Re: About that red sweater
Re: About that red sweater
- Subject: Re: About that red sweater
- From: Roger Breton <email@hidden>
- Date: Sun, 15 Jul 2007 19:06:57 -0400
Hi Eric,
We've discussed the technical merits of your approach many times in the past
and I wish I could have deep enough pockets to buy a large integrating
sphere and a PR-650 spectroradiometer to characterize the spectral RGB
sensitivities of my particular Nikon D100. I'm convinced this gives the user
the utmost rendering control over the image.

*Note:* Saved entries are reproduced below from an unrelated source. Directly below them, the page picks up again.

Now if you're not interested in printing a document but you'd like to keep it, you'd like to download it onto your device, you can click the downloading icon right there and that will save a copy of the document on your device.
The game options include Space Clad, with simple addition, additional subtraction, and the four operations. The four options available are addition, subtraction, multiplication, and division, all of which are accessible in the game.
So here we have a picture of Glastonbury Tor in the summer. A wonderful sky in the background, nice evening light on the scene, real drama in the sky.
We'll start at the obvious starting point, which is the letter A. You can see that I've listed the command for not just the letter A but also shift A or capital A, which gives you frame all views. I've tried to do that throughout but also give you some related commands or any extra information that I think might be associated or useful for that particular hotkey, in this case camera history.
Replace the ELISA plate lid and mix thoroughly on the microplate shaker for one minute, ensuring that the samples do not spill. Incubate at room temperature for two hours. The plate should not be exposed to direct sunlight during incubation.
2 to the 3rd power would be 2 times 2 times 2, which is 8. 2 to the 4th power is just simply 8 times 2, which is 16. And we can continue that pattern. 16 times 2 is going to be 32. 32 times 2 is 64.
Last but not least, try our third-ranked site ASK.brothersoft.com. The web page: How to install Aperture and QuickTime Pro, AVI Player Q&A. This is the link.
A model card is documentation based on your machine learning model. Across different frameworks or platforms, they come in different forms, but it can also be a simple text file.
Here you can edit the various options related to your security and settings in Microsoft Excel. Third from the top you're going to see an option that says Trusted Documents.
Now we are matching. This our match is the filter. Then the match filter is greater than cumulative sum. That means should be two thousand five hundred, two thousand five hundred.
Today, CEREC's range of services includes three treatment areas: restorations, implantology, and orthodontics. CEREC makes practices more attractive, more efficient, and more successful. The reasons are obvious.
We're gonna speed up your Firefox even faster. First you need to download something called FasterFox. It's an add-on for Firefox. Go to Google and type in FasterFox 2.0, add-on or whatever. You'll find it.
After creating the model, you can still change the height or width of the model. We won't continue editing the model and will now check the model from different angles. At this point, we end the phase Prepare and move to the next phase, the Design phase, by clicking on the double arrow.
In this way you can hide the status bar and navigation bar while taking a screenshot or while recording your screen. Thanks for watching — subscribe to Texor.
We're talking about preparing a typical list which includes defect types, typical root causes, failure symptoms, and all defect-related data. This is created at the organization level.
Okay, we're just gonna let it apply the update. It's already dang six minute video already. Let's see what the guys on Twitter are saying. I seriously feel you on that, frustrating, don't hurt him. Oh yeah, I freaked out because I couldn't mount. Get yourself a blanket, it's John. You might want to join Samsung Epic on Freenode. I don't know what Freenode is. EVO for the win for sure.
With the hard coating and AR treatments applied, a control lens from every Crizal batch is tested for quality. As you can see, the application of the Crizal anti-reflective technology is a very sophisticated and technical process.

By any chance, could there be some kind of "poor man" approach to what
you're doing?
Roger Breton
> My approach is in principle quite simple. But its optimized for my particular
> workflow with a custom plugin (my wife does plugins) so its hardly general
> purpose or a commercial solution. Starting with fundamental camera
> characterization data (spectral sensitivities, linearity, etc.) and combining
> with image
> meta data (white point, exposure information, etc.) and image statistics I
> calculate an image-specific profile optimized for each unique scene that
> estimates
> the scene appearance (not colorimetry). This happens on open and the profile
> is created dynamically, embedded, and assigned automatically so the user (me)
> never need be concerned with profiling matters. The first time I see the image
> in Photoshop its an appearance estimate of the original scene and I can
> control the rendering to output from there. In my experience, the better the
> appearance estimate, the less manual rendering required for output.